## Description of the task
Take the listing below and write it out again exactly, skipping any picture that it holds.

***** Dataset section *****

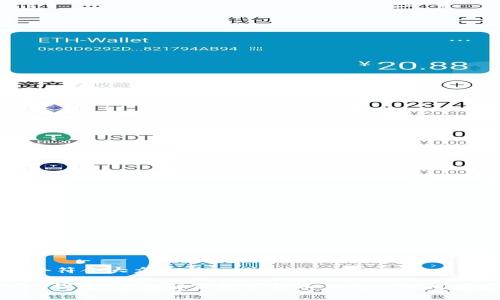 思考一个符合大众和的

数字516钱包：全面解析数字货币钱包的使用与安全性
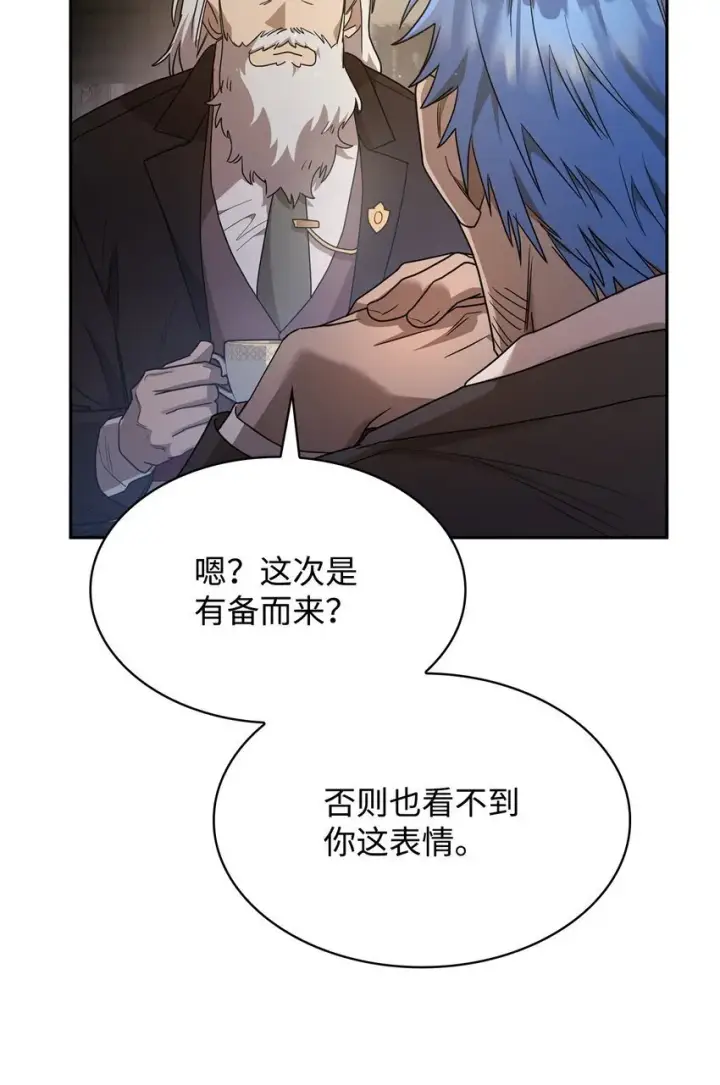 《无限魔法师》15 暂别图106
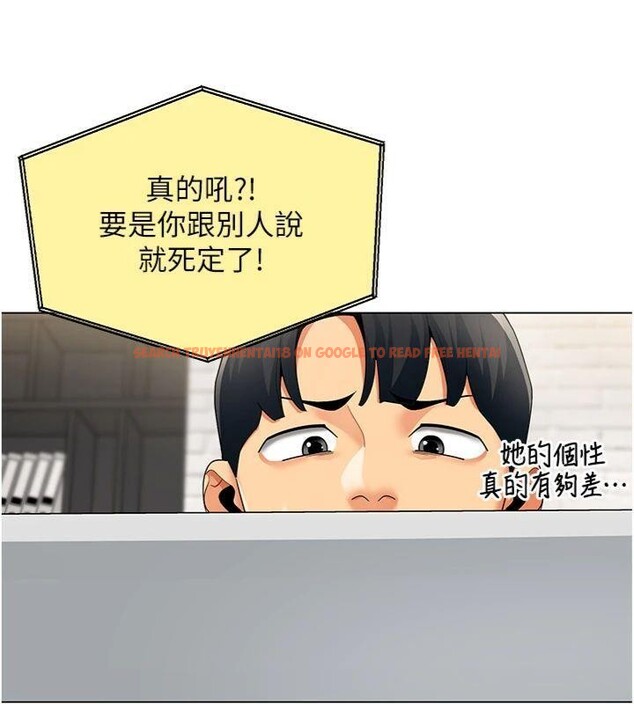 查看漫画女同事太犯規 - 第7話-來自意淫對象的要求 - tymanga.com中的4130614图片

*****

## Answer to this problem
 思考一个符合大众和的

数字516钱包：全面解析数字货币钱包的使用与安全性
 《无限魔法师》15 暂别图106
 查看漫画女同事太犯規 - 第7話-來自意淫對象的要求 - tymanga.com中的4130614图片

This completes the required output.